The 11th century Lokapannatti tells of how the Buddha’s relics were protected by mechanical robots (bhuta vahana yanta), from the kingdom of Roma visaya (Rome); until they were disarmed by King Ashoka. In ancient China, the 3rd-century text of the Lie Zi describes an account of humanoid automata, involving a much earlier encounter between Chinese emperor King Mu of Zhou and a mechanical engineer known as Yan Shi, an ‘artificer’. Yan Shi proudly presented the king with a life-size, human-shaped figure of his mechanical ‘handiwork’ made of leather, wood, and artificial organs.
There are also accounts of flying automata in the Han Fei Zi and other texts, which attribute the 5th century BC Mohist philosopher Mozi and his contemporary Lu Ban with the invention of artificial wooden birds (ma yuan) that could successfully fly. In 1066, the Chinese inventor Su Song built a water clock as a tower featuring mechanical figurines that chimed the hours. His mechanism had a programmable drum machine with pegs (cams) that bumped into little levers that operated percussion instruments.
The drummer could be made to play different rhythms and different drum patterns by moving the pegs to different locations.
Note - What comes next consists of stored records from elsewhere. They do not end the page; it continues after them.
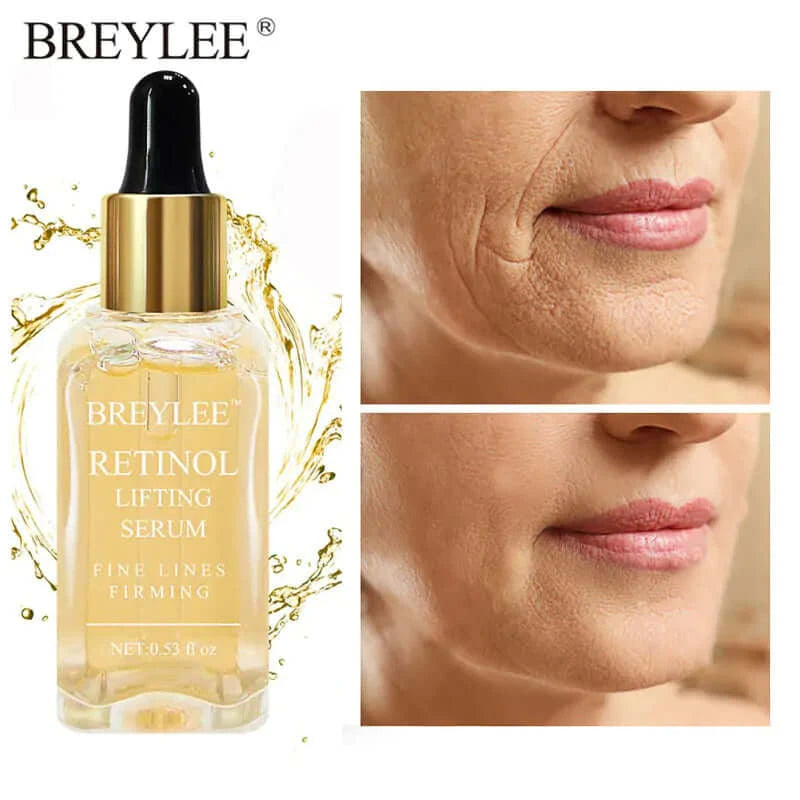 Before and after use of Breylee retinol firming and lifting serum on a woman's face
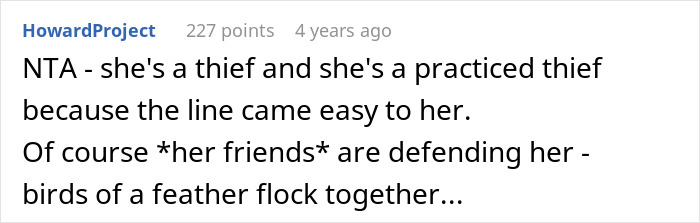 Screenshot of an online comment discussing a thief caught stealing vegetables claiming to know the owner. Screenshot of an online comment discussing a thief caught stealing vegetables claiming to know the owner.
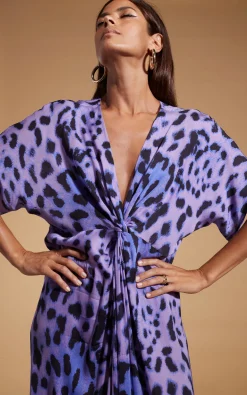 Makuna Kaftan In Lilac Leopard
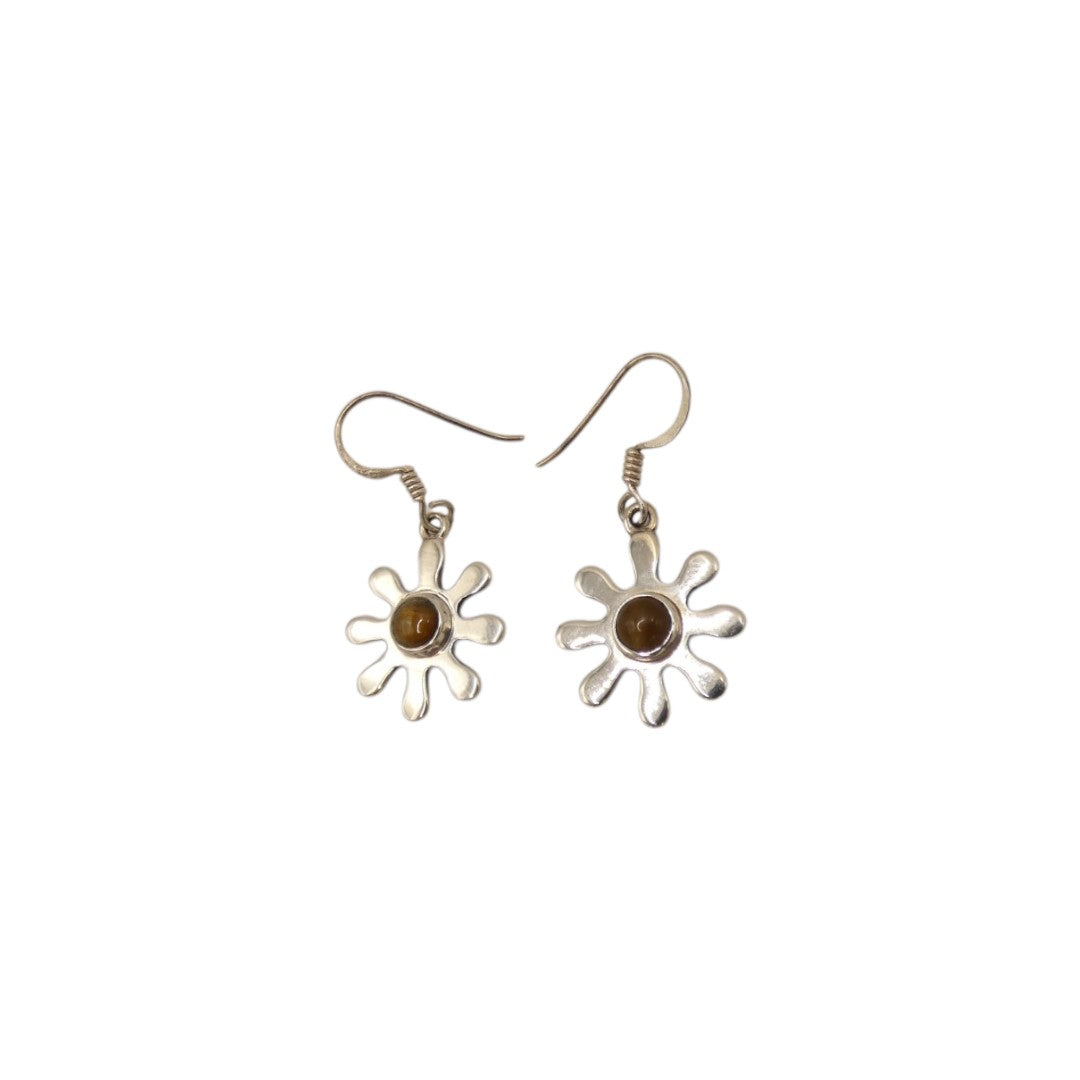 Sterling Silver Tiger's Eye Daisy Design Drop Earrings 1.4"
Samarangana Sutradhara, a Sanskrit treatise by Bhoja (11th century), includes a chapter about the construction of mechanical contrivances (automata), including mechanical bees and birds, fountains shaped like humans and animals, and male and female dolls that refilled oil lamps, danced, played instruments, and re-enacted scenes from Hindu mythology. 13th-century Muslim Scientist Ismail al-Jazari created several automated devices. He built automated moving peacocks driven by hydropower. He also invented the earliest known automatic gates, which were driven by hydropower, and created automatic doors as part of one of his elaborate water clocks.
One of al-Jazari’s humanoid automata was a waitress who could serve water, tea, or drinks.